Generic name: atropine sulfate
Dosage form: Auto-Injector

This dosage information does not include all the information needed to use AtroPen safely and effectively. See full prescribing information for AtroPen.

The information at Drugs.com is not a substitute for medical advice. ALWAYS consult your doctor or pharmacist.

CAUTION! PRIMARY PROTECTION AGAINST EXPOSURE TO CHEMICAL NERVE AGENT AND INSECTICIDE POISONING IS THE WEARING OF PROTECTIVE GARMENTS INCLUDING MASKS, DESIGNED SPECIFICALLY FOR THIS USE.

INDIVIDUALS SHOULD NOT RELY SOLELY UPON THE AVAILABILITY OF ANTIDOTES SUCH AS ATROPINE AND PRALIDOXIME TO PROVIDE COMPLETE PROTECTION FROM CHEMICAL NERVE AGENT AND INSECTICIDE POISONING.

Immediate evacuation from the contaminated environment is essential. Decontamination of the poisoned individual should occur as soon as possible.

The AtroPen® Auto-Injector is indicated for the treatment of poisoning by susceptible organophosphorous nerve agents having cholinesterase activity as well as organophosphorous or carbamate insecticides. The AtroPen®Auto-Injector should be used by persons who have had adequate training in the recognition and treatment of nerve agent or insecticide intoxication. Pralidoxime chloride may serve as an important adjunct to atropine therapy.

The AtroPen®is intended as an initial treatment of the muscarinic symptoms of insecticide or nerve agent poisonings (generally breathing difficulties due to increased secretions); definitive medical care should be sought immediately. The AtroPen® Auto-Injector should be administered as soon as symptoms of organophosphorous or carbamate poisoning appear (usually tearing, excessive oral secretions, wheezing, muscle fasciculations, etc.) In moderate to severe poisoning, the administration of more than one AtroPen® may be required until atropinization is achieved (flushing, mydriasis, tachycardia, dryness of the mouth and nose). In severe poisonings, it may also be desirable to concurrently administer an anticonvulsant if seizure is suspected in the unconscious individual since the classic tonic-clonic jerking may not be apparent due to the effects of the poison. In poisonings due to organophosphorous nerve agents and insecticides, it may also be helpful to concurrently administer a cholinesterase reactivator such as pralidoxime chloride.

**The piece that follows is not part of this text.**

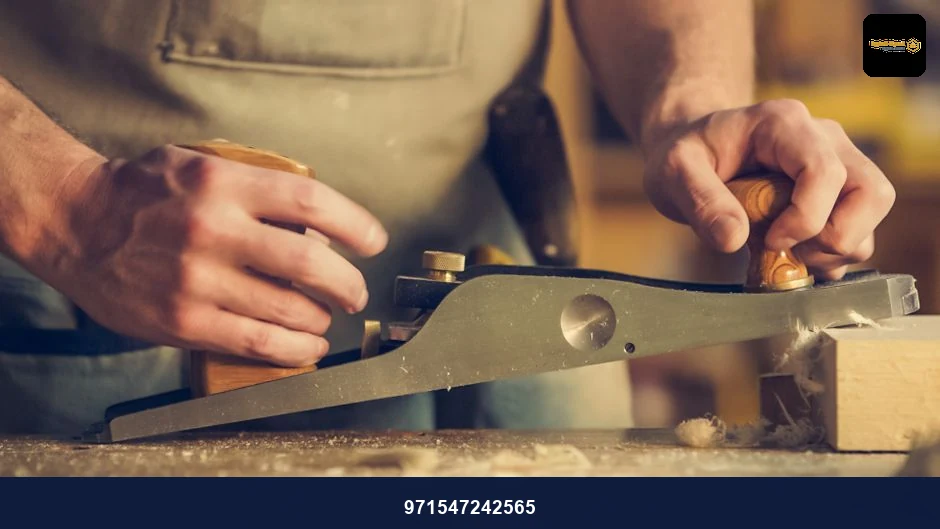 A carpenter skillfully using a hand plane on a wooden surface indoors. A carpenter skillfully using a hand plane on a wooden surface indoors.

It is recommended that three (3) AtroPen® Auto-Injectors be available for use in each person at risk for nerve agent or organophosphate insecticide poisoning; one (1) for mild symptoms plus two (2) more for severe symptoms as described below. No more than three (3) AtroPen® injections should be used unless the patient is under the supervision of a trained medical provider. Different dose strengths of the AtroPen® are available depending on the recipient's age and weight.

  • Adults and children weighing over 90 lbs (41 kg)
    (generally over 10 years of age)
AtroPen® 2 mg (green)
  • Children weighing 40 lbs to 90 lbs (18 to 41 kg)
    (generally 4 to 10 years of age)
AtroPen® 1 mg (dark red)
  • Children weighing 15 lbs to 40 lbs (7 to 18 kg)
    (generally 6 months to 4 years of age)
AtroPen® 0.5 mg (blue)
  • Infants weighing less than 15 lbs (7 kg)
    (generally less than 6 months of age)
AtroPen® 0.25 mg (yellow)

Treatment of MILD SYMPTOMS:

One (1) AtroPen® is recommended if two or more MILD symptoms of nerve agent (nerve gas) or insecticide exposure appear in situations where exposure is known or suspected.

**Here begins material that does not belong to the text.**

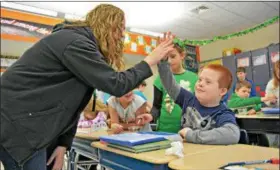  ?? SUBMITTED PHOTO ?? Jake Wainstein gives his teacher Mrs. Isola a high-five after completing a science experiment.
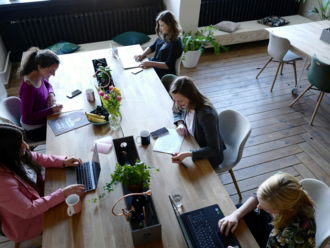 a group of people sitting around a wooden table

Two (2) additional AtroPen® injections given in rapid succession are recommended 10 minutes after receiving the first AtroPen® injection if the victim has any of the SEVERE symptoms listed below. If possible, a person other than the victim should administer the second and third AtroPen® injections.

Treatment of SEVERE SYMPTOMS:

If a victim is encountered who is either unconscious or has any of the SEVERE symptoms listed below, immediately administer three (3) AtroPen® injections into the victim's mid-lateral thigh in rapid succession using the appropriate weight-based AtroPen® dose.

Symptoms in infants and young children

* These symptoms are sometimes observed in healthy infants and young children. In this age group, these symptoms are less reliable than other symptoms listed. Symptoms must be considered collectively when nerve agent or pesticide exposure is known or suspected.

** Infants may become drowsy or unconscious, with muscle floppiness rather than muscle twitching, soon after exposure to nerve agents or pesticides.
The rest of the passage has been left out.